The Hospital Management ensured that staff complements sent by partner agencies are augmented by the hospital’s Medical Social Workers and Support Staff to render round the clock service. 

Following Joint Administrative Order  (JAO) No. 2020 – 0001, the Malasakit Center offers assistance to patients in the following Order of Preference: the Philhealth, the PCSO, DSWD, DOH-MAIPP then finally the quantified free service of VSMMC.

Qualification.  VSMMC Malasakit Center applies the No Balance Billing or No Co-payment policy for admitted non-private patients.  Patients have to be seen by the hospital’s physicians at the Out- Patient Department (OPD), Emergency Department (ED) and or admitted at the Service Wards of the hospital.

VSMMC Malasakit Center has served a total of 729,084 patients at the end of 2022.

From the perspective of a medical doctor, The Malasakit Center offers opportunities to augment services that are limited in our institution.

It is quite fortuitous that the Malasakit Center was already functional when the COVID-19 pandemic hit.  Everything happens for a reason.  That reason causes change.  Sometimes it hurts, sometimes it’s hard, but in the end it’s all for the best.  Our COVID-19 Incident Command System Planning Chief said that the Malasakit Center is really a blessing to our patients.  Quality medical services can now be reached and accessed by the least, the last and the lost, most especially during the pandemic!  It saved patients and their families from financial catastrophe.

A medical social worker assigned at the Malasakit Center shares that The Malasakit Center gives our indigent patients HOPE – that they can access the healthcare that they need even if they don’t have money on hand.  They are thankful for the chance to serve because patients are the reason why we are here.

The first ever Malasakit Center operations manager Mergin Acido expresses her awe that the Malasakit Center really liberates patients from financial, psychological and emotional burden.

Quoting our own SOTTO LIVE producer, incident commander, and medical center chief Dr Gerardo M. Aquino Jr, Bilang doctor na nasa government for almost 35 years na in service, ito yung panahon na talagang sinasabi nila na dito namin nararamdaman yung gobyerno natin.

As we celebrate the 5th anniversary of the Malasakit Center, the Vicente Sotto Memorial Medical Center wishes to thank our partners:  the Office of the President, the office of Sen.
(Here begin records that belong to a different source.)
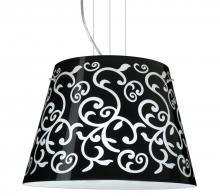  1KV-4394BD-SN - Besa Pendant Amelia 18 Satin Nickel Black Damask 3x100W A19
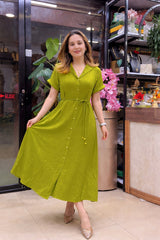 Green Designer Rayon Dress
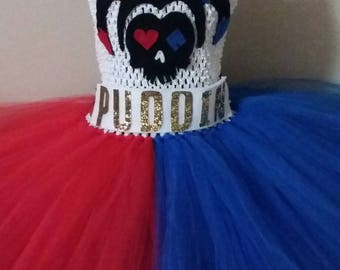 Harley Quinn Suicide Squad Tutu Dress Halloween Costume for Girls and Toddler Girls from LanYapCrafts Tutu Nerdy Tutu Dress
Christopher Lawrence Go, the Office of the Special Assistant to the President, the Office of the Presidential Assistant for the Visayas, the Department of Health, the office of Dir. Girlie Veloso, and the rest of our partners from the PhilHealth, DSWD, PCSO, and PAGCOR. This would not have been possible without your unending support.

Quality service is its own publicity.  The VSMMC Malasakit Center delivers results on better health outcomes, responsive health systems, financial risk protection and respect for human dignity.  Even amidst the COVID-19 pandemic, Vicente Sotto Memorial Medical Center was recognized by the International Hospital Federation, earning an honorable mention  under the Seddiqi Holding Excellence Award for corporate social responsibility during the 2021 IHF Awards in Barcelona, Spain.

Gikan sa kailagman sa among kasing-kasing, daghan kaayong salamat! Kay dinhi sa Sotto, kalidad nga serbisyo among garbo!